The Green Road is a little gem of a novel, managing to be entertaining as well as crafted, with engaging characters, all of whom belong to the same family: the Madigans from County Clare. They all converge on the family home one Christmas because their mother, Rosaleen, has decided to sell the old house, a decision that throws them into a chaos of emotions.
Before all that happens, though, we are treated to the individual stories of Rosaleen and her four children. Dan upsets his mother at the beginning when he decides to become a priest. Years later he's in New York, living with his old girlfriend from home, while dabbling in the gay scene. Enright's perspective on New York in 1991 and the terrible shadow of AIDS is told through the eyes of Greg, HIV positive and lamenting the friends he has lost. The tone is pitch perfect, vivid and moving.
And suddenly it's Constance, the older daughter, still living near her mother with a family of her own. Her scattered thoughts as she waits for a mammogram appointment fill in the details of her life and her concerns for her mother and the difficulties around their relationship. For Rosaleen isn't easy. She's deprecating and demanding at the same time - no wonder her children have almost all deserted her.
After Constance, we are swept to Mali where Emmet, Rosaleen's younger son, works with an aid organisation, living with his girlfriend, Alice. He loves Alice but finds it difficult to show this. Emmet has an offhand manner which helps him deal with the horrors of his surroundings, but it doesn't help his relationship. His younger sister, Hanna, an actress in Dublin, is quite the opposite, full of temper and passion - as a child she had a tendency to burst into tears over anything; now as an adult she is inclined to drink.
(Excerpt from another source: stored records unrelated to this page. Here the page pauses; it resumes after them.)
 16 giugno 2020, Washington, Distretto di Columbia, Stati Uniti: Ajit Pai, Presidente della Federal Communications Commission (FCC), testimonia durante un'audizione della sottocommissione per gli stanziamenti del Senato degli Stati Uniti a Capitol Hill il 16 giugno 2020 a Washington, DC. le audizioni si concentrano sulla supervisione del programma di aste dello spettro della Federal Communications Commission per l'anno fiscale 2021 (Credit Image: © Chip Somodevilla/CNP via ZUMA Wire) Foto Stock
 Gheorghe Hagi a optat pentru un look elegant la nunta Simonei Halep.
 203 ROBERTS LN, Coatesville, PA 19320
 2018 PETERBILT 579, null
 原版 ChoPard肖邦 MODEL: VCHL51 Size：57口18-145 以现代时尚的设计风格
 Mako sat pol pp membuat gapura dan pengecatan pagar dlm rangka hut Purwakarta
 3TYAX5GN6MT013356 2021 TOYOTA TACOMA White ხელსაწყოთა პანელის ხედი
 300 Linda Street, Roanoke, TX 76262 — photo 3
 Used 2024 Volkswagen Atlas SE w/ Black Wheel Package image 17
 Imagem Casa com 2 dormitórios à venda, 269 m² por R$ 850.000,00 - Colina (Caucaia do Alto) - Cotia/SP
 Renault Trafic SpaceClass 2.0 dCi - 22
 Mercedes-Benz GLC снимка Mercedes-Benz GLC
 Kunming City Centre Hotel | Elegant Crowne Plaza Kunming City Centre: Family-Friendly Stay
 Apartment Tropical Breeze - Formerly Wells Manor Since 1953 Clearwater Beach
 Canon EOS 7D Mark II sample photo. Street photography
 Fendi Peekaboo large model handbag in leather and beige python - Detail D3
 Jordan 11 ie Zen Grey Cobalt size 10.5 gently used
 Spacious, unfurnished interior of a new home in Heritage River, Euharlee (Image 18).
They are a family of contrasts and they bounce off each other wonderfully when they all come together, bound by the awkwardness of dealing with their mother. Sneaking in is the story of Rosaleen's devotion to her late husband, Pat Madigan, a humble farmer and socially beneath her.
The novel sets the scene for a potent mixture of tense emotions and discord, as well as concern and reconciliation in the family's last Christmas together in the old house. There is a load of humour too - I loved Constance's endless return trips to the supermarket and her outburst when it is revealed that she has forgotten to buy coffee grounds.
It's so very real but magical none the less. This is because of Enright's wonderful writing. I shouldn't be surprised, she's a Booker winner after all and this book was also long-listed and Costa nominee to boot, and deservedly so. Enright could make a grocery list interesting.